So much of “Such Sweet Sorrow, Part 2” was about saying goodbye, so I’m just going to talk about it up front. After all, there’s no point in beating around the bush.
Goodbye, Spock’s emo beard.
We hardly knew ye, yet you overstayed your welcome by a mile.
You will not be missed.
But seriously. I started this recap with an easy joke because I don’t quite know how to talk about this season finale. How do I talk about an episode that made me feel so much in just an hour? I’m not sure how to parse all these emotions; I sat with the episode for a night after watching, just to make sure I’d processed it all. Spoiler alert: One night isn’t enough to parse through this finale.
Let’s start with the basics: the battle. The previous episode promised us a showdown between Discovery, Enterprise, and the Section 31 fleet (and it was a fleet all right), and it did not disappoint. I absolutely loved the camerawork at the beginning of the episode, whipping from person to person and ship to ship. It showed the chaos of battle in a really unique way. And the montage scene of building the Red Angel suit was gratifying in that it showed that it wasn’t an easy process (and also was a product of teamwork and extreme competence).
I love how Jet Reno has integrated with this crew, and I really hope she becomes a series regular in the third season. Tig Notaro’s sarcastic, yet earnest, delivery is a gift (“Get off my ass — I mean, sir! Get off my ass, sir!”), and I am not ready to say goodbye to her yet. And what about that send-off from Captain Pike? “Goodbye, my friends, my family.” There’s a petition to have a spin-off series with Anson Mount on board the Enterprise, and I’d absolutely watch it. His contribution to Discovery has been vital, helping it achieve a lighter, more playful tone that’s been delightful to watch. I definitely think he could helm (pun intended) his own series.
And Ash! It turned out he went to get the Klingons, who arrived just in time to save the day, along with the Kelpiens in Ba’ul ships. I’d say they were fast learners, but considering how much Saru (who was just a joy in this episode) has achieved in his short time in Starfleet, it’s not a surprise. It is nice that every major character on the show got their hero moment (Tilly with the shield generators!).
I was so grateful that Dr. Culber ended up coming back to Discovery and we got a reunion between him and Stamets. It was clear the two belonged together, but Hugh needed time to see that. I think he craved the freedom to choose or not choose Paul, rather than just fall back into the trappings of his old life. He needed his life partner to be an active choice he made — this new Hugh, whoever he’s become. It’s like Admiral Cornwell said when he asked for her advice: Love is a choice we make over and over again. The implication being that you can choose to love someone, and then choose to love that person again, even if you aren’t quite the same person you were before. The key here, I think, is that Culber didn’t feel he had a choice before. And once he was free to make it, he chose Paul.
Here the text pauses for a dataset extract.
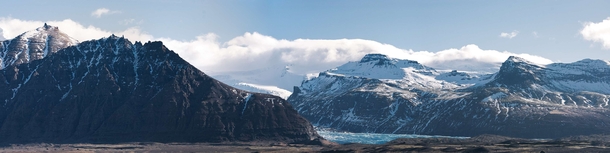 A  panorama I stitched together of some dramatic mountains in Iceland with a glacier poking out from the middle  liamsearphoto
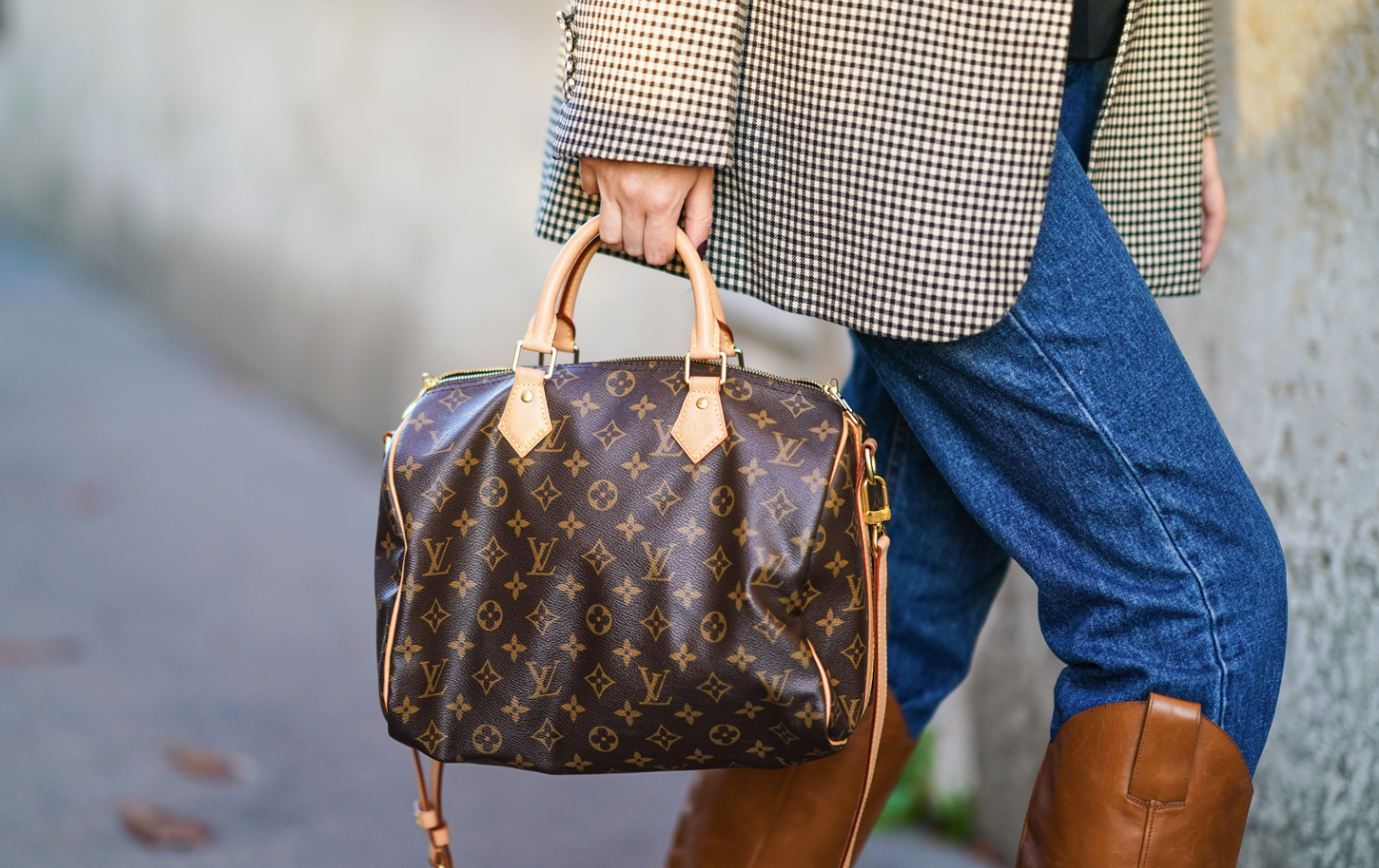 Woman with a LOUIS VUITTON Speedy bag. A woman carrying a LOUIS VUITTON Speedy bag while walking.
Michelle Yeoh proved, once again, that she’s a gift to both humanity and this show in everything from her fight scenes to her dialogue: “Everyone hates you. Congratulations.” You can bet I’m going to GIF that as soon as the episode is out. I also love that Leland yelled “Women, stop talking!” and then proceeded to get his ass kicked and dead. It was a perfect ending.
EDIT: The episode is out, and I giffed it. Enjoy.
One of the minor complaints I had in the last episode was that because Spock was aboard the Discovery, and he was so intent on joining the crew’s trip to the future, we had some idea of its fate. But the second he stepped aboard that shuttlecraft, it opened new doors for the ship; his fate was no longer intertwined with that of Discovery’s.
I’m not really sure what I expected to happen during this episode. A last-minute save, so they wouldn’t actually have to travel into the future? A trip forward, and then immediately back again? I kept looking for some loophole, some way out — and there was none. Discovery, and her beloved crew, jumped forward in time, and we have no idea what happened to them.
The scenes at the end, with the testimony to Starfleet HQ and Spock stepping aboard the bridge of the Enterprise (and finally getting that seventh signal that indicated Discovery was, indeed, safe in the future) really did well to hammer home that this ship, this crew is gone. That they aren’t coming back. And it also answers the questions that some critics of the show have been moaning about for ages: This is why there’s no record of the spore drive in Federation data banks. This is why we don’t know about the technology. This is why Spock never spoke about his sister. Because all records of the ship and her crew have been erased. And it explains why Section 31 is little more than a myth in the future, because the organization is transformed after this incident.